QP（Quantum Platform） is a lightweight, open-source, state machine-based, event-driven application framework. This framework consists of four parts:

• Event Processor (QEP);
• Lightweight Event-Driven Framework (QF);
• Task Scheduling Microkernel (QV, QK, QXK);
• Real-Time Tracing Debugger (QS).

(1) QEP

• Quantum Event Processor is a general-purpose, portable, reusable state machine engine.
• QEP allows you to directly map UML-style state diagrams to code.
• QEP provides traditional simple flat state machines and hierarchical state machines.
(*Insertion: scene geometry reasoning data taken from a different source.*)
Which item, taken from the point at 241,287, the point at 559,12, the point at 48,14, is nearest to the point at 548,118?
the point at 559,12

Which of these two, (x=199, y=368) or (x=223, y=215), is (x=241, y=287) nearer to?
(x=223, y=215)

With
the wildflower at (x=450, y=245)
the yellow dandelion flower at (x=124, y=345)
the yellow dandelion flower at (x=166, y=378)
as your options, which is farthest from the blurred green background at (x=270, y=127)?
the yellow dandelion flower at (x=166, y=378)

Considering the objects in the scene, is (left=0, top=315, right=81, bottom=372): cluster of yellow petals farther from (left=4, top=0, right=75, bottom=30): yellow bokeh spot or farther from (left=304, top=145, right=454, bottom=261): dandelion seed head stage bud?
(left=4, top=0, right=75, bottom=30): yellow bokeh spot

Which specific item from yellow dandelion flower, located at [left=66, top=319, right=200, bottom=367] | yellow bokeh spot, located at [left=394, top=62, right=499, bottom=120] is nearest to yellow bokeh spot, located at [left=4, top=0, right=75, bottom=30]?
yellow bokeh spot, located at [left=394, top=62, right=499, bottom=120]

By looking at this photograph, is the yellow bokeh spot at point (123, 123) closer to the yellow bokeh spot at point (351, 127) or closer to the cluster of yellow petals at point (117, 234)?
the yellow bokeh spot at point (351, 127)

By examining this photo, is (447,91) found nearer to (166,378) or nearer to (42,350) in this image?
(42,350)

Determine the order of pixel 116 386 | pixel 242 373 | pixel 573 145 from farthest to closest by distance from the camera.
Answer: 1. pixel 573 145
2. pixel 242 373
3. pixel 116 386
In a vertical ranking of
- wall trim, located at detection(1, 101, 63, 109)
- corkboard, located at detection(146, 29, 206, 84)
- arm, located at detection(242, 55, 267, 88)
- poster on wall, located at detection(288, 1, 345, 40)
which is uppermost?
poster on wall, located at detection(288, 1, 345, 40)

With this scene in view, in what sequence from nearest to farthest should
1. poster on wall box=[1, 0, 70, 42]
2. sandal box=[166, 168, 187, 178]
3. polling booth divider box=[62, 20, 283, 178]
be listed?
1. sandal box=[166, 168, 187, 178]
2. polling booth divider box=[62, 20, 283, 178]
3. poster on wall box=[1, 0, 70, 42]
QEP can directly manipulate event queues and event dispatching mechanisms.

(2) QF

• QF is a general-purpose, event-driven application framework designed for real-time embedded systems.
• QF is designed to work in conjunction with QEP and RTOS.
• QF includes event queues, active objects, event traversals, etc.

(3) QK

• QK is a lightweight preemptive real-time kernel.
• QK is a very small kernel that executes independent tasks based on RTC conventions.
• QK must match the version of QF.

(4) QS

• A powerful debugging tool.

QEP (Hierarchical Event Processor)

The event processor can also be understood as a state machine engine. When there is an event to be processed, it calls the state function of the current state to handle this event and processes the return value of the state function, making appropriate state transitions (such as transitioning to the parent state). The state engine also handles the entry (ENTER), exit (EXIT), and initial pseudo state (INIT) of a state.
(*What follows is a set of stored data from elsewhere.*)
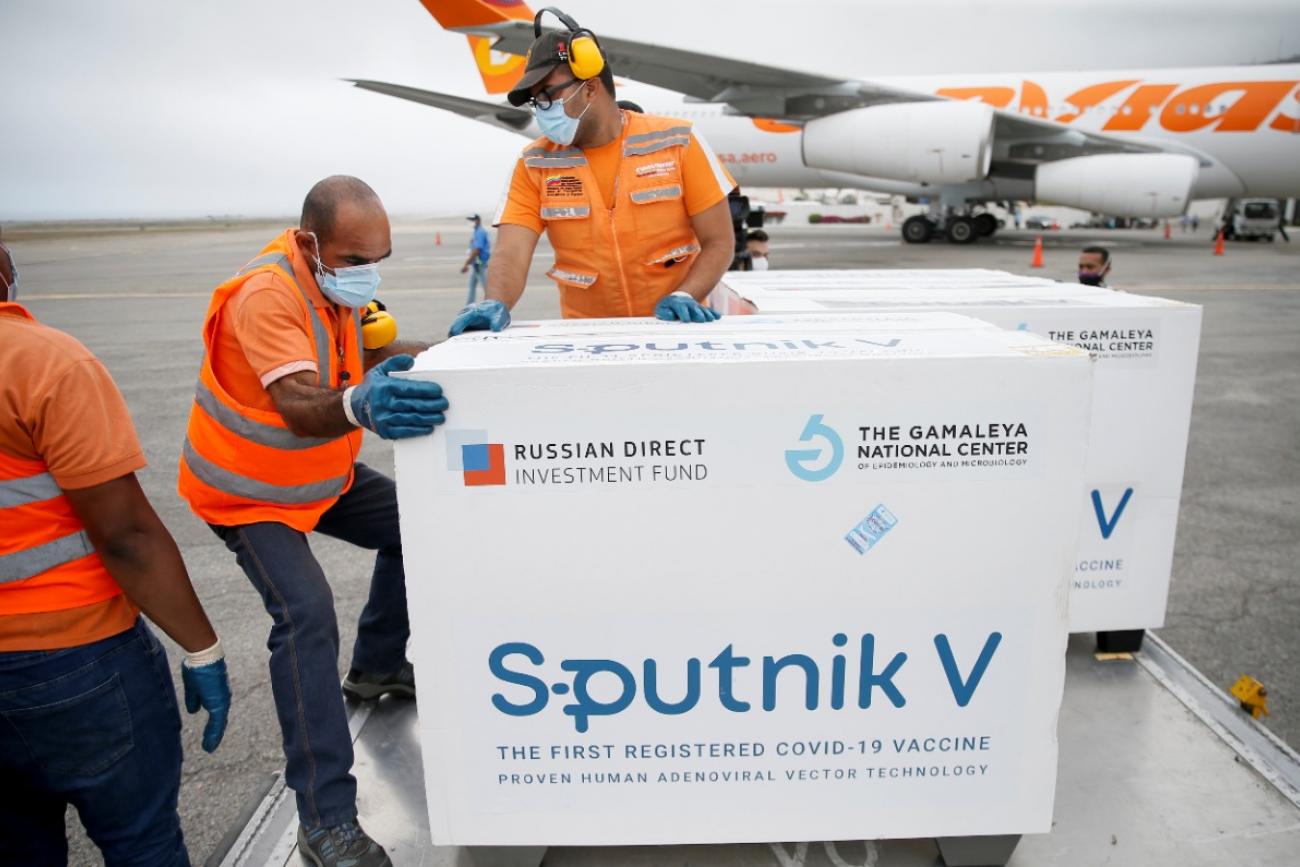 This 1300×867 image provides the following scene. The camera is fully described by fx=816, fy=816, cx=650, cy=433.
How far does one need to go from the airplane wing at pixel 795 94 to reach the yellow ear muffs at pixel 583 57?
44.6ft

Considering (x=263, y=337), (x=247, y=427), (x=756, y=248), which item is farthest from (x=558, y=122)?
(x=756, y=248)

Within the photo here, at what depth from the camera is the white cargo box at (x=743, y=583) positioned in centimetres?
136

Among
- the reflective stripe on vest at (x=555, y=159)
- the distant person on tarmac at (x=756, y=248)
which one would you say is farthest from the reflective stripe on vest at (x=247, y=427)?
the distant person on tarmac at (x=756, y=248)

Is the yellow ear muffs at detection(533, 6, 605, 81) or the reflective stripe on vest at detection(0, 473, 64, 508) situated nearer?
the reflective stripe on vest at detection(0, 473, 64, 508)

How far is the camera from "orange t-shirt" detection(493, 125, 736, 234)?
8.14 ft

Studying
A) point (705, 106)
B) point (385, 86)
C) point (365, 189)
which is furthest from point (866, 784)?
point (705, 106)

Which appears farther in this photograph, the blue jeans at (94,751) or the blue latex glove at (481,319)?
the blue latex glove at (481,319)

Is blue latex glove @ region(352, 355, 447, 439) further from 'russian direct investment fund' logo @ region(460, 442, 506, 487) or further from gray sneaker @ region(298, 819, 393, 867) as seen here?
gray sneaker @ region(298, 819, 393, 867)

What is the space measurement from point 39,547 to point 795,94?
55.6 feet

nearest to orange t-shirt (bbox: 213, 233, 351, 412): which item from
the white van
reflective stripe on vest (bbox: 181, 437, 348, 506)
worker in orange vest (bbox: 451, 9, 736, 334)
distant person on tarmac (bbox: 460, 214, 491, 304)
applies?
reflective stripe on vest (bbox: 181, 437, 348, 506)

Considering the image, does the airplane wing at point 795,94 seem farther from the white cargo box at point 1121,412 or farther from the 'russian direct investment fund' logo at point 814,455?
the 'russian direct investment fund' logo at point 814,455

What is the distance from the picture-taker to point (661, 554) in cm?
143

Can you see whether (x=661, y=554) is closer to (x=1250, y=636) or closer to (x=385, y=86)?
(x=1250, y=636)

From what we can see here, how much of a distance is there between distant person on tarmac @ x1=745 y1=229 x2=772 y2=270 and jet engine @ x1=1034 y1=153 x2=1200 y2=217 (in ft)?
36.3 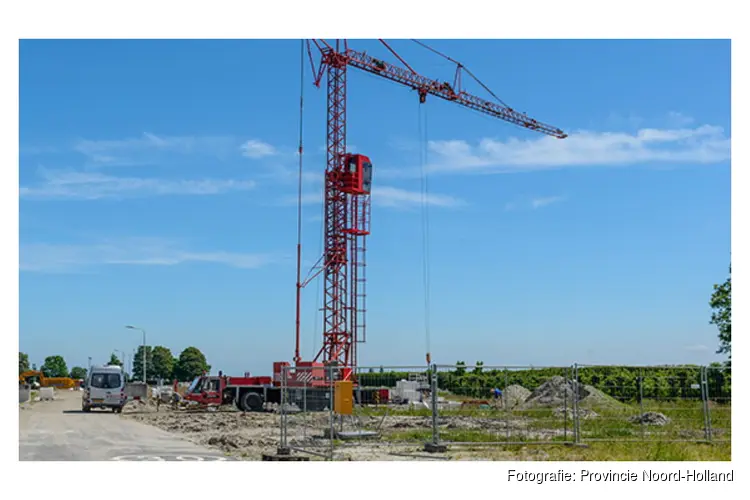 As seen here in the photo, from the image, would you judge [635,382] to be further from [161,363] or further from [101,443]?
[161,363]

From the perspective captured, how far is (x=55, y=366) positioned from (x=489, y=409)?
6171 inches

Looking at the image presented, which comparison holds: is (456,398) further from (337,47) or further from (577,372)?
(337,47)

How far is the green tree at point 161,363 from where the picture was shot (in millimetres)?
127250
QF (Active-Object Framework)

QF is a lightweight, event-driven, active objects framework. The main task of this framework is to ensure thread safety for each active object and run-to-completion event handling. It includes direct event delivery, publish-subscribe event forwarding, event queues, and time events (delayed delivery time events).

QV (Cooperative Kernel)

The cooperative kernel (Vanilla kernel) only processes events during time to completion and executes priority-based scheduling for active objects after handling all events. It is implicitly cooperative because active timers do not need to explicitly relinquish the CPU. Instead, after completing event handling, it simply returns to the QV scheduler.
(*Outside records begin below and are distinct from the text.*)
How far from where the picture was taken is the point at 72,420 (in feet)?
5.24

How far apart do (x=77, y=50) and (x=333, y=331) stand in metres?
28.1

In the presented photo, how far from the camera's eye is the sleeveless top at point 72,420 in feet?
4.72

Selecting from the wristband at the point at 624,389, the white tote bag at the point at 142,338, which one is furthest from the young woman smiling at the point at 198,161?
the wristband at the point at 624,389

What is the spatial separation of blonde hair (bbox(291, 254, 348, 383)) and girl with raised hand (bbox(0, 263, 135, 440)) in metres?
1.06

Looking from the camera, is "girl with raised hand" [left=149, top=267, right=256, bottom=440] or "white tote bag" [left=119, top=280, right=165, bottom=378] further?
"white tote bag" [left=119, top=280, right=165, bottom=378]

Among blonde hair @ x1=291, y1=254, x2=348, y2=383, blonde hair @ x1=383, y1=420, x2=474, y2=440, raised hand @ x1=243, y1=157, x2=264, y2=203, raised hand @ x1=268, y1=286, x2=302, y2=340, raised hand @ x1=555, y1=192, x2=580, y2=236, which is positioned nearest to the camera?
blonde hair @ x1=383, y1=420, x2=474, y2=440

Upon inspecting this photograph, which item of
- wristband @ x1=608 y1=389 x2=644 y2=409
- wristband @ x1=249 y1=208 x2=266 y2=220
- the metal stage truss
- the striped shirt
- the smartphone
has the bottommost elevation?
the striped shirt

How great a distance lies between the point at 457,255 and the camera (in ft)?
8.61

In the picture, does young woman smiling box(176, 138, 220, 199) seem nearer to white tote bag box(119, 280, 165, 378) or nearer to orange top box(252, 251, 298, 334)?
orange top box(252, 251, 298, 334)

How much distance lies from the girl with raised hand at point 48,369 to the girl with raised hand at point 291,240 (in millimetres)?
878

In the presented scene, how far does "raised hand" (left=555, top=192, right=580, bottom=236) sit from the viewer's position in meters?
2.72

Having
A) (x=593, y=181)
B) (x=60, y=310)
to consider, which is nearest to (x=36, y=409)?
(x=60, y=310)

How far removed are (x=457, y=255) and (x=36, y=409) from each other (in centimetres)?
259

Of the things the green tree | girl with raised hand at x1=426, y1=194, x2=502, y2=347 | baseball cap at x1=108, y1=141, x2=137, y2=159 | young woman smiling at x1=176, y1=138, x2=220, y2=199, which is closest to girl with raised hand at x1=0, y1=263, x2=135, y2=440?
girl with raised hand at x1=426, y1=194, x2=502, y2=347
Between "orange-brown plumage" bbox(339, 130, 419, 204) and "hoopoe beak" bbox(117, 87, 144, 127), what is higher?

QK (Preemptive Non-Blocking Kernel)

QK is a super-fast preemptive, priority-based, single-stack, real-time kernel designed specifically for executing active objects. It always handles high-priority active objects in the event queue but treats events as one-time function calls (rather than endless loops like traditional kernels). Nevertheless, if a new event has a higher priority than the currently processed event, the QK kernel still provides preemptive one-time event handling functionality (like a preemptive interrupt handler allowing interrupts to preempt one another). This means that QK can use a single stack to save the context of all active objects.

QXK (Preemptive Blocking Kernel)

QXK is a simple preemptive, priority-based, blocking real-time kernel specifically designed for traditional blocking code active objects, such as commercial middleware (TCP/IP protocol stack, UDP protocol stack, embedded file systems, etc.) or legacy code mixed designs.

QS (Software Tracing System)

QS is a software tracing system that allows developers to monitor targets with minimal system resources without stopping or significantly slowing down code live events in the event-driven QP application. QS is an ideal tool for testing, troubleshooting, and optimizing QP applications. QS can even be used to support product manufacturing acceptance testing.